* _Assignment_:
Retype, exactly as they appear below, the lines between the line holding "Disposable Seat Covers, Car" and the line holding "Rmsignpost-XAMa字体转换", both ends included.

* _Material supplied_:
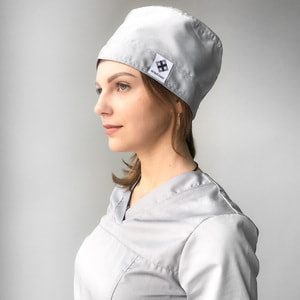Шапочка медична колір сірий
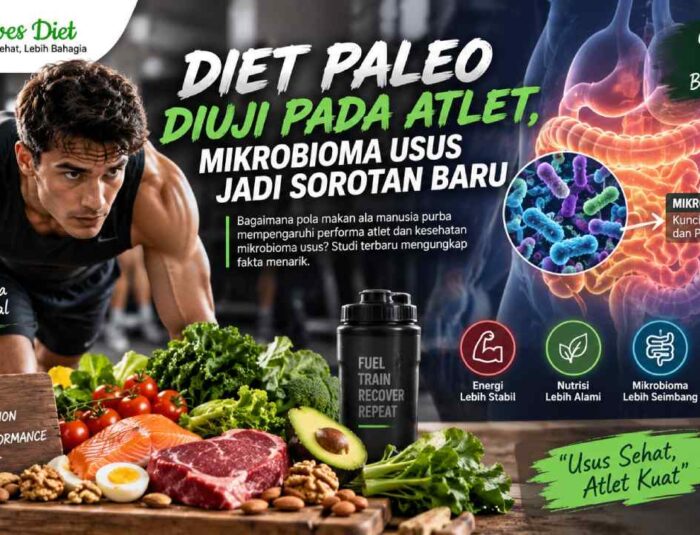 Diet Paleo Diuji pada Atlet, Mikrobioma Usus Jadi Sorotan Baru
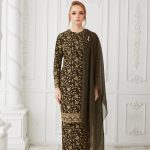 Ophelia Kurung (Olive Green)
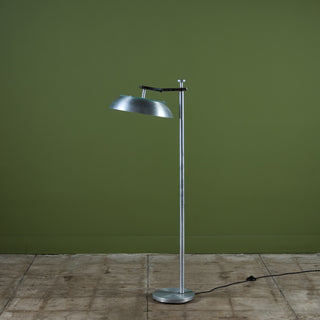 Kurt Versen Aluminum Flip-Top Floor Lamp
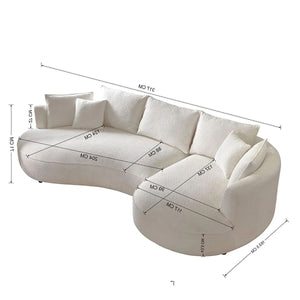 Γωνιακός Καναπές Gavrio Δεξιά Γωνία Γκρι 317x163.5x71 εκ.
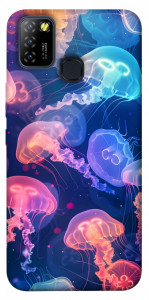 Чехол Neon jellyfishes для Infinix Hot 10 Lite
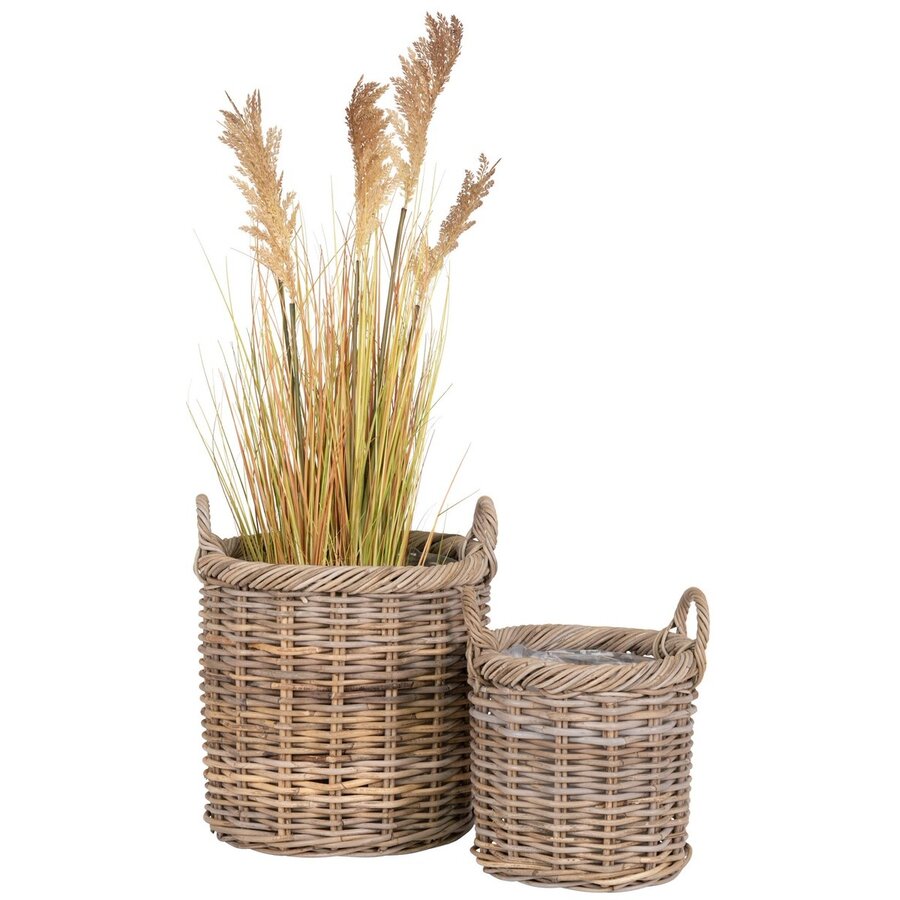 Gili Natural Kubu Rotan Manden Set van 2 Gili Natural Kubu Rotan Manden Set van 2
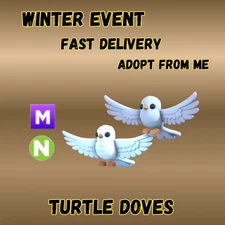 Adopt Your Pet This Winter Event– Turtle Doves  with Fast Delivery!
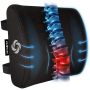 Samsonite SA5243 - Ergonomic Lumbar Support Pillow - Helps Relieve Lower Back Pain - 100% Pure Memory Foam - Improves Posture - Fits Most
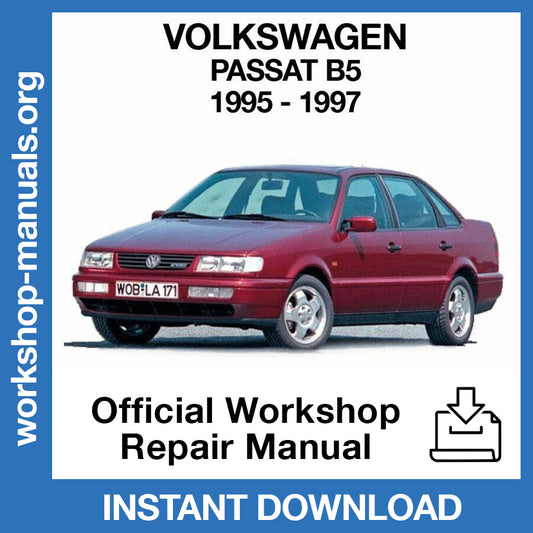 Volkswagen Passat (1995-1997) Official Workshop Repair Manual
* * *
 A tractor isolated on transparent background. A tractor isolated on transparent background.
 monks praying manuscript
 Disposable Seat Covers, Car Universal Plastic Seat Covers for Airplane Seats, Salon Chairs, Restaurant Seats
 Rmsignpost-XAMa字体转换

* _Response_:
 Disposable Seat Covers, Car Universal Plastic Seat Covers for Airplane Seats, Salon Chairs, Restaurant Seats
 Rmsignpost-XAMa字体转换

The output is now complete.